# Benutzt man heutzutage eigentlich noch Frames ?



## TribunM (30. Mai 2004)

Jo ich wollte eine neue HP erstellen und ich frage mich ob überhaupt noch mit Frames oder iframes gearbeitet wird. Wenn ich Siemens.de oder auch andere große Seiten wie Chip oder so nehme,  sieht das für mich aus das die keine Frames nutzen oder irre ich mich da ? Wie macht man das denn heute und welche Möglichkeiten gibts da so ?

Greetz  Tribun


----------



## randomize (30. Mai 2004)

Ich glaube, dass sich Frames inzwischen wohl keiner größerer Beliebtheit mehr erfreuen.
AFAIK arbeiten heutzutage viele mit Tabellen, DIVs, Layern und allem, was dazu gehört.


----------



## TribunM (30. Mai 2004)

jo hatte ich mir gedacht. Also wird die Seite immer komplett neu geladen ?
Also auch die Navi als Beispiel, da die ja meistens immer dle gleiche bleibt ?


----------



## Happy Nihilist (30. Mai 2004)

Schaut man sich die aktuelle XHTML-Version an, so sind Frames eine Technik von gestern.


----------



## danielneunundsiebzig (30. Mai 2004)

Also wenn man mal eben mit wenig Zeitaufwand eine kleinere (z.B. private & rein informative) Seite basteln will finde ich Frames nach wie vor praktisch, weil die wenig Aufwand erforden und übersichtlich sind.
Bzw. gibts denn dazu in reinem HTML überhaupt eine Alternative?


----------



## fluessig (30. Mai 2004)

> Bzw. gibts denn dazu in reinem HTML überhaupt eine Alternative?

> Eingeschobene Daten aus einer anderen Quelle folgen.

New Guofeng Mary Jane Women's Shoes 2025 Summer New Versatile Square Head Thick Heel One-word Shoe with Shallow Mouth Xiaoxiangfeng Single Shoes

Stimmt, das ist die einzige Frage die wichtig ist. Welche Möglichkeiten hat man. Es gibt immer noch gute Gründe für Frames, insbesondere iframes denke ich sind immer wieder günstig (zB wenn man php und jsp mischen möchte usw).


----------



## fluessig (30. Mai 2004)

Aufgrund eines Verbindungsfehlers entstand hier leider ein Doppelposting.


----------



## tydu (30. Mai 2004)

hi,

denke, dass man sich auf öffentlichen Webseiten langsamn von Frames enfernen sollte.

Anders sehe ich das bei der Verwaltung dieser Seiten.
Bei CMS Systemen können sich Frames und IFrames als praktisch erweisen.

ciao tydu


----------